- _YOUR ASSIGNMENT_:
Below is a listing with pictures. Repeat exactly the lines starting at the one holding "OTHERS. Fine striped sweater. TS/M" and going on through the one holding "Oiob Yoga Clothes", and leave every picture out.

- _SOURCE DATA_:
▬▬▬▬▬▬

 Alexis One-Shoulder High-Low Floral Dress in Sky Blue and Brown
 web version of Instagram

▬▬▬▬▬▬

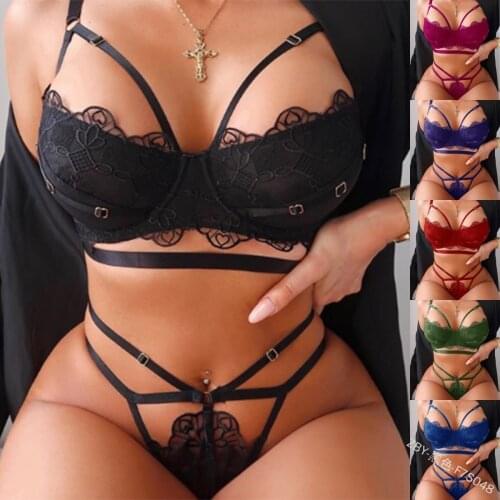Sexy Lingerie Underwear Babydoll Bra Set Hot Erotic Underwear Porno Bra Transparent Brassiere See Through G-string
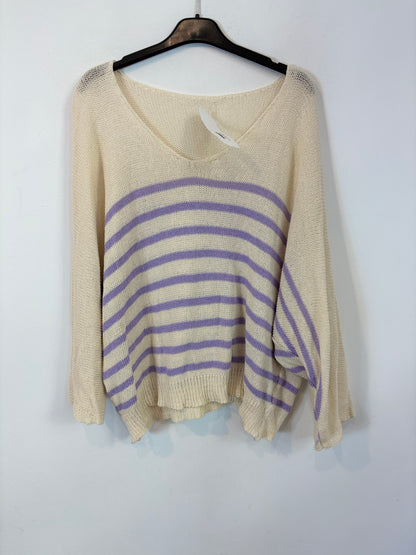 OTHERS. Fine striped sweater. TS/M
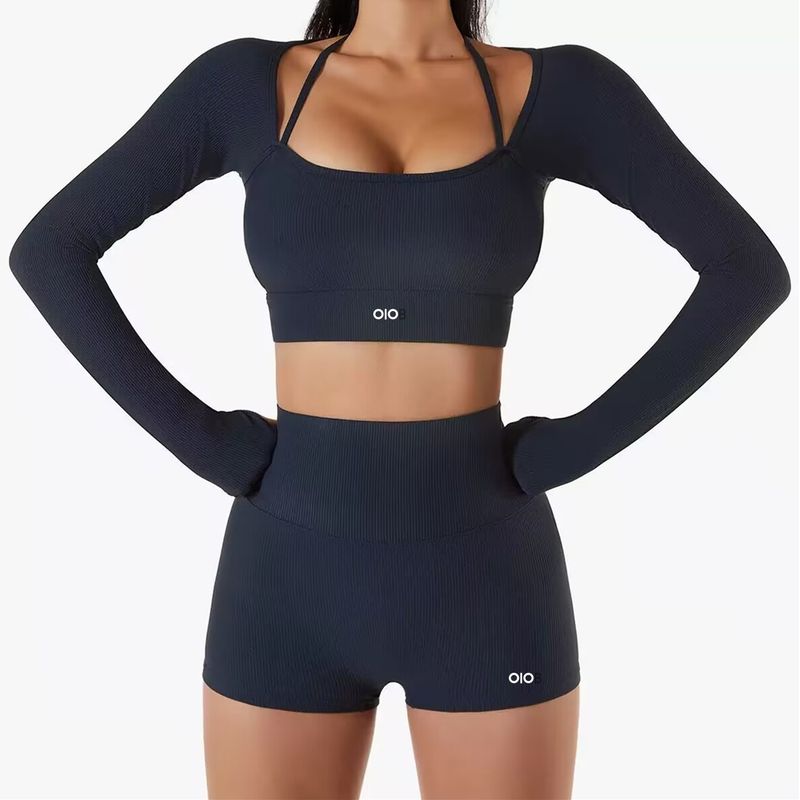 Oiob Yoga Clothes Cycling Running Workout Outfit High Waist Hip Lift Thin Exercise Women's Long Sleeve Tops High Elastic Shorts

▬▬▬▬▬▬

- _RESPONSE TO THE EXERCISE_:
 OTHERS. Fine striped sweater. TS/M
 Oiob Yoga Clothes Cycling Running Workout Outfit High Waist Hip Lift Thin Exercise Women's Long Sleeve Tops High Elastic Shorts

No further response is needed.